### Extracted entries ###

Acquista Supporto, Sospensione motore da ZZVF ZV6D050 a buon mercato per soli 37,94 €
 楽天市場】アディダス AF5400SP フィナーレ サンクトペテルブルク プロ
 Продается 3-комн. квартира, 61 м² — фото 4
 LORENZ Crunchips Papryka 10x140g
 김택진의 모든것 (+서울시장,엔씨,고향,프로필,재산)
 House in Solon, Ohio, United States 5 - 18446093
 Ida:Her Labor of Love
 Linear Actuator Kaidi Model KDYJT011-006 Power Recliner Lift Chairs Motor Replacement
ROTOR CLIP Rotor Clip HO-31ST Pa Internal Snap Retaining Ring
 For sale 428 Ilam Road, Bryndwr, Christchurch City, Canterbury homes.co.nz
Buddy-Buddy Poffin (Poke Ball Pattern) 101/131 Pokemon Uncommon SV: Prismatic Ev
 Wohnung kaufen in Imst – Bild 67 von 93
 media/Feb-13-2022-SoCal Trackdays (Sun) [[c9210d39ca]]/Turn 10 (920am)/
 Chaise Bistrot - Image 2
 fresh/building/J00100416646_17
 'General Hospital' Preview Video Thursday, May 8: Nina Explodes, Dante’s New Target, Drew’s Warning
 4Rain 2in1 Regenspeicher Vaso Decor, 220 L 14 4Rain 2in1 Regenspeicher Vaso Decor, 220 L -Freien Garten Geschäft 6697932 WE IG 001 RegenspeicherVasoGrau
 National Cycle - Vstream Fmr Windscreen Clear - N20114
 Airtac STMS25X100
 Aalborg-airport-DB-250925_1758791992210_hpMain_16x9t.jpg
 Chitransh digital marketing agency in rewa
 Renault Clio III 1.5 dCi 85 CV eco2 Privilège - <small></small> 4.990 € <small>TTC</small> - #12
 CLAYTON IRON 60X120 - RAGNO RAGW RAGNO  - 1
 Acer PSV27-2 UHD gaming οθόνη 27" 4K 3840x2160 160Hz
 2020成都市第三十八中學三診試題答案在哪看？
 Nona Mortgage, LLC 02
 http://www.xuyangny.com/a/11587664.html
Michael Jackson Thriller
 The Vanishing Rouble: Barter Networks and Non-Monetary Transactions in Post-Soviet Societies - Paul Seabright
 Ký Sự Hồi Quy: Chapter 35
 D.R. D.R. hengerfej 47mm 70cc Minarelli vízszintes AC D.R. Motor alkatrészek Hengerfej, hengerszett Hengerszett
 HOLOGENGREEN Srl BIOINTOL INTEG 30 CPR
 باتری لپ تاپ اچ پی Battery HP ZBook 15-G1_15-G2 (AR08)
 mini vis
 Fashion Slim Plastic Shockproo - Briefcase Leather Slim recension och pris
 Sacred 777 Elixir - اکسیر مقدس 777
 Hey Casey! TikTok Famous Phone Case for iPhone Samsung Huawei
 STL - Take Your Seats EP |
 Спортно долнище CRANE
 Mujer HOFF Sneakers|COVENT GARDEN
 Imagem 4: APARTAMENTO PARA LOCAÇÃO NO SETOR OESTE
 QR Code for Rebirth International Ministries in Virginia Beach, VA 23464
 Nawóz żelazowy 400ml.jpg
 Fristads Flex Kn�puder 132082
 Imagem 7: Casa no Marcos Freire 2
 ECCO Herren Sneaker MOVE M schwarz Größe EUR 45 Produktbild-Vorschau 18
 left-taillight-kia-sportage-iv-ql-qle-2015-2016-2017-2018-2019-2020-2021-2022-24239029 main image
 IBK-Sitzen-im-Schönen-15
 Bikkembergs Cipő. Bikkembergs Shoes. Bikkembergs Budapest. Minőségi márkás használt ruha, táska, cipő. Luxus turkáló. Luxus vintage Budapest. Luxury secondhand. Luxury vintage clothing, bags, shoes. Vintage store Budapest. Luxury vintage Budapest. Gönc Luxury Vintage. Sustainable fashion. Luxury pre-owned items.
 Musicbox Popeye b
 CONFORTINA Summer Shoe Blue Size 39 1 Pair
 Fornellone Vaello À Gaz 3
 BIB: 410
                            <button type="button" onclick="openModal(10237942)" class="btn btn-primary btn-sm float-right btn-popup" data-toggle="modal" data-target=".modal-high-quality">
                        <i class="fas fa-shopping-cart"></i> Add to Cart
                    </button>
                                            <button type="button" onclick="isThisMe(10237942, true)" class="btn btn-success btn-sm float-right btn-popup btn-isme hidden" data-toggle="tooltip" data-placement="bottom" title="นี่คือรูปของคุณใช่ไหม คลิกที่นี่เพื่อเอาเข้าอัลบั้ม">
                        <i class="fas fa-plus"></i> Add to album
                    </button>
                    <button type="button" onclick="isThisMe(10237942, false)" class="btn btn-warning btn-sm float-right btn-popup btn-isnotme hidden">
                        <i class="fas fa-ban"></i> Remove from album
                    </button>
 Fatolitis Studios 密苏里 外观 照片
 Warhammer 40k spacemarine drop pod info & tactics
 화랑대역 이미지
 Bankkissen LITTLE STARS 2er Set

###

Assignment -
If a line of the material contains the word "album", pick it out and copy it.

Solution to this exercise -
                        <i class="fas fa-plus"></i> Add to album
                        <i class="fas fa-ban"></i> Remove from album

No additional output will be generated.